As soon as the line containing "Rear Window Storage" appears, start repeating lines exactly and continue to the end of the entries; please skip pictures.

_GIVEN INFORMATION_
***

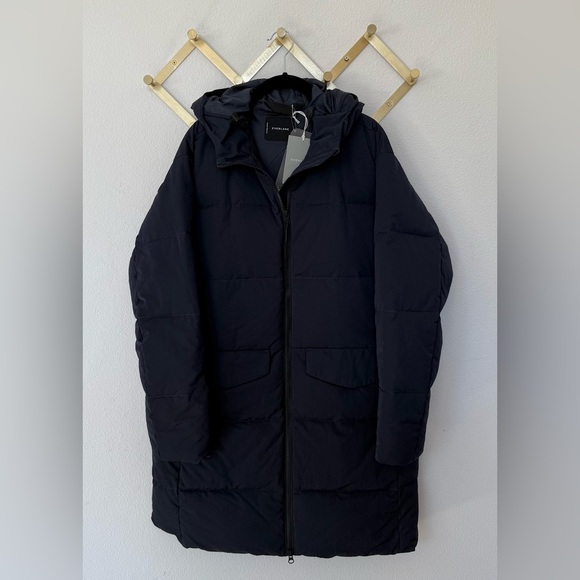 nwt EVERLANE The Long Puffer Navy Longline Primaloft Warm Jacket Coat Medium - Picture 3 of 4
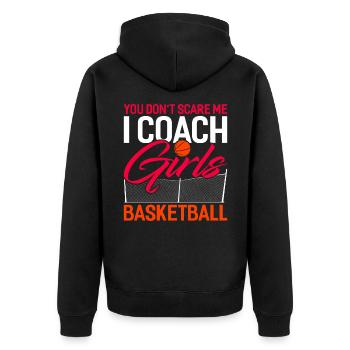 Basketball Basketballer Ball Basketballer Geschenk - Unisex Premium Bio Zip Hoodie - Schwarz - Hinten - Nico (187cm)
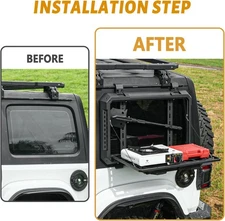 Rear Window Storage Tactical Table Molle Panel For 2018-24 Jeep Wrangler JL JLU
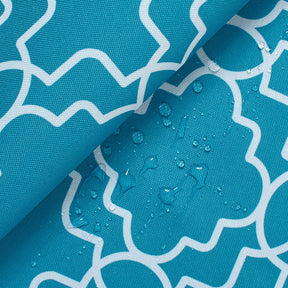 Ottertex Waterproof Canvas Trellis Print Fabric SV570303 Turquoise Image A4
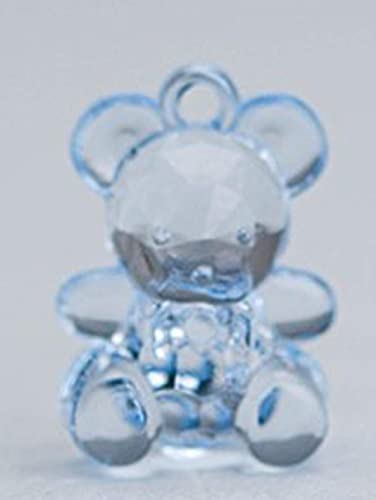 Lot de 50 ours en plastique - Dimensions : 1,5 x 2 cm - Pour bonbonnières (ck6112) - Bleu ciel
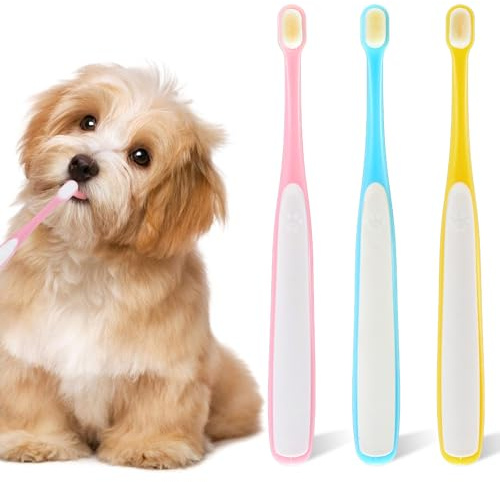 Tucnoeu 3pcs Hundezahnbürste für Kleine Hunde Weiche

***

_OUTPUT FOR THIS EXERCISE_
 Rear Window Storage Tactical Table Molle Panel For 2018-24 Jeep Wrangler JL JLU
 Ottertex Waterproof Canvas Trellis Print Fabric SV570303 Turquoise Image A4
 Lot de 50 ours en plastique - Dimensions : 1,5 x 2 cm - Pour bonbonnières (ck6112) - Bleu ciel
 Tucnoeu 3pcs Hundezahnbürste für Kleine Hunde Weiche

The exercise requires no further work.